When you think of how the infamous ex-intern could have cashed in, you appreciate that over time Lewinsky became selective.
Monica 2.0 is on a mission. Thanks to the Drudge Report, she writes, she was "possibly the first person whose global humiliation was driven by the Internet." The 2010 suicide of Rutgers freshman Tyler Clementi, after a roommate secretly recorded and broadcast him kissing another man, spurred her to take on the modern culture of humiliation.
She calls her own experience "the humiliation derby." I am no stranger to that turf. During the impeachment follies, I was critical of Lewinsky's decision, at age 21, to consort with the president, as well as her post-internship demands for the president's time, attention and help in procuring jobs. But I always held Bubba as the most culpable in the group.
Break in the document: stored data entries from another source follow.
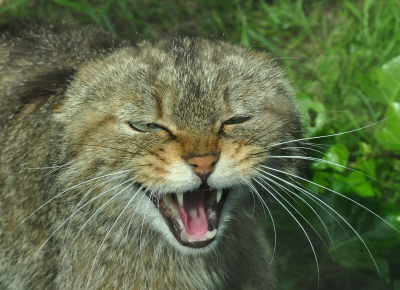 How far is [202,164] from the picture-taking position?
2396 millimetres

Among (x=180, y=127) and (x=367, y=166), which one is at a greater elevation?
(x=180, y=127)

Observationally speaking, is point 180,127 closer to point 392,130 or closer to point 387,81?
point 392,130

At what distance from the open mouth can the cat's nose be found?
0.22 metres

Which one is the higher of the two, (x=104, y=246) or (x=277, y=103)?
(x=277, y=103)

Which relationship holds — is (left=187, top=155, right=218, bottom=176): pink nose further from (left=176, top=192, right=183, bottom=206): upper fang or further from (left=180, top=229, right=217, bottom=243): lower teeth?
(left=180, top=229, right=217, bottom=243): lower teeth

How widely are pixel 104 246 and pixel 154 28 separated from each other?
121 inches

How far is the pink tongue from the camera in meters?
2.63

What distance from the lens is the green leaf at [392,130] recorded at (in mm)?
3834

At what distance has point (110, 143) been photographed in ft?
8.61

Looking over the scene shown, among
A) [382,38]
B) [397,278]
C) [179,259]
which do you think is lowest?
[397,278]

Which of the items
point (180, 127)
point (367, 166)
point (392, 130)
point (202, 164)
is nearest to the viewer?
point (202, 164)

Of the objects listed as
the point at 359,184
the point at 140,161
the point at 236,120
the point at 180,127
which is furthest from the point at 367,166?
the point at 140,161

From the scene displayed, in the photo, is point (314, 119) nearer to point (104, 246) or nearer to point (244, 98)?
point (244, 98)

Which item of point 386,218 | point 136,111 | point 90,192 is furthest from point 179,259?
point 386,218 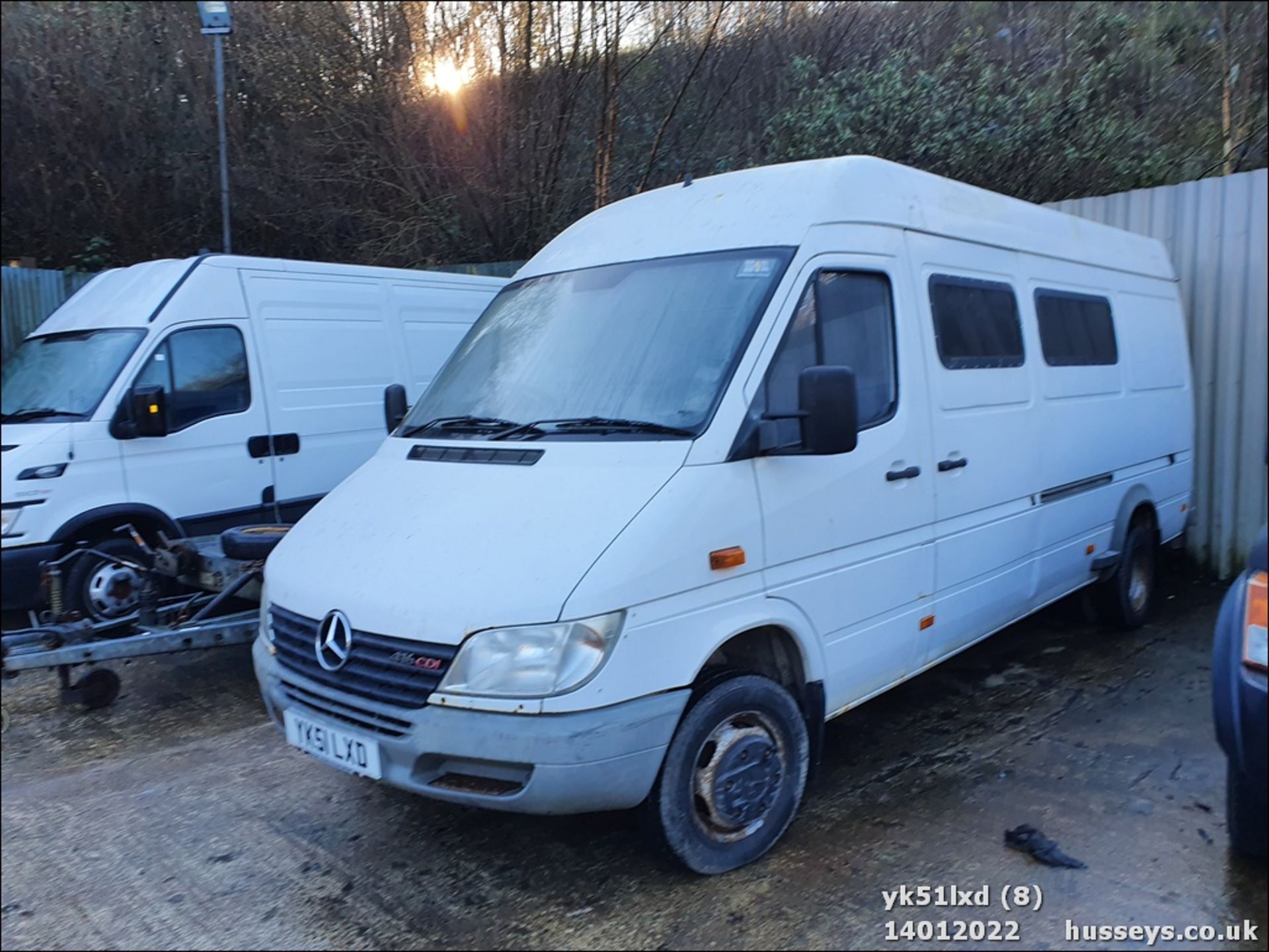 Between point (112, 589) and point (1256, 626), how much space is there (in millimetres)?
6004

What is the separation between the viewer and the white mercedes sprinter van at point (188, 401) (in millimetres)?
5969

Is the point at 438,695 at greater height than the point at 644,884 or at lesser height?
greater

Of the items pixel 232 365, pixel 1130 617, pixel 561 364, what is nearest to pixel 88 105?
pixel 232 365

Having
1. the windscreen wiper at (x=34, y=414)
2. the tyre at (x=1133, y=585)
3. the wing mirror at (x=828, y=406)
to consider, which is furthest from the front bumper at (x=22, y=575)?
the tyre at (x=1133, y=585)

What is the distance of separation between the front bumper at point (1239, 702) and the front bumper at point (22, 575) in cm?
603

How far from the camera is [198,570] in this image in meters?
5.53

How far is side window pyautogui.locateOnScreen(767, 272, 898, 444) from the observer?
3.71m

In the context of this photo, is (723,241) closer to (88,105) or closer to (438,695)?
(438,695)

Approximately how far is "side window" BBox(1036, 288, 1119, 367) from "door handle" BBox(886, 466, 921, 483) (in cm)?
169

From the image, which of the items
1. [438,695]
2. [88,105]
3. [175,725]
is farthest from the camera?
[88,105]

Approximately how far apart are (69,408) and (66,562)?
3.53ft

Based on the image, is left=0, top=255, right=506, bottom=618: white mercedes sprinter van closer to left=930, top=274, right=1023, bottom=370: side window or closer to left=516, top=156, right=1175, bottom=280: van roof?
left=516, top=156, right=1175, bottom=280: van roof

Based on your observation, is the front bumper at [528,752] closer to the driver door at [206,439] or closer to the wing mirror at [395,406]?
the wing mirror at [395,406]

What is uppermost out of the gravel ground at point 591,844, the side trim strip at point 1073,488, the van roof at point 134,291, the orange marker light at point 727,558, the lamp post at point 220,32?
the lamp post at point 220,32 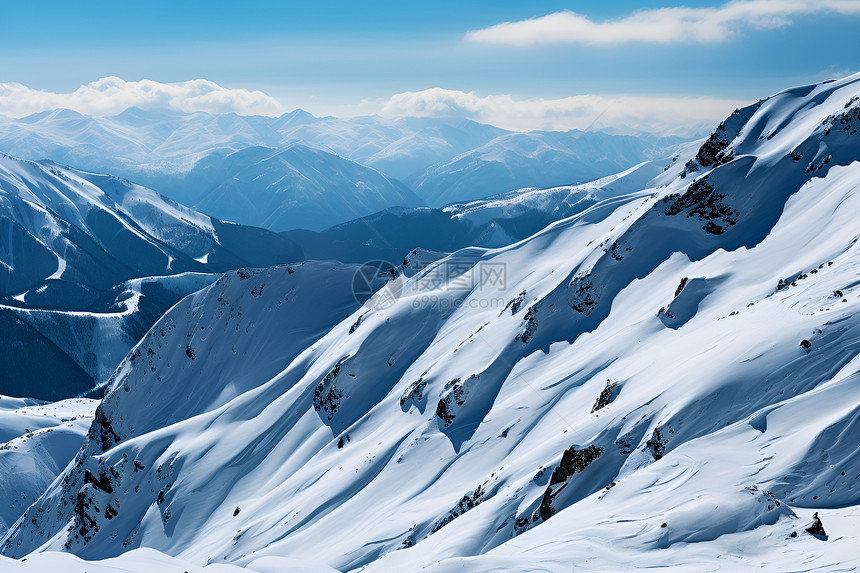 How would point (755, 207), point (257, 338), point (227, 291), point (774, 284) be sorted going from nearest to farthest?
1. point (774, 284)
2. point (755, 207)
3. point (257, 338)
4. point (227, 291)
Not so the many self-styled feminists who trashed Lewinsky, including America's feminist first lady. Recently released archives report how the first lady told friend Diane Blair that she considered Lewinsky to be a "narcissistic looney tune," while Clinton blamed herself for her husband's extramarital junket.
"I find her impulse to blame the Woman -- not only me, but herself -- troubling," Lewinsky writes.
The sisterhood got buried in an avalanche of excuses, starting with: Boys will be boys.
The pro-Clinton mantra during impeachment held that if Hillary could forgive Bubba, surely the country should, too.
I never thought Hillary Clinton owed Lewinsky anything, but she did owe the voters the truth -- and that took a long time coming. Now with the passing of time, perhaps Hillary should come out and forgive Lewinsky, too, if only to assuage those Dems who saw Hillary Clinton's forgiveness as the great indulgence, the cleaner of all slates.
It's time to let Lewinsky, as Clintonistas used to say, move on. She has graduated into an elite group: people who learn from their mistakes.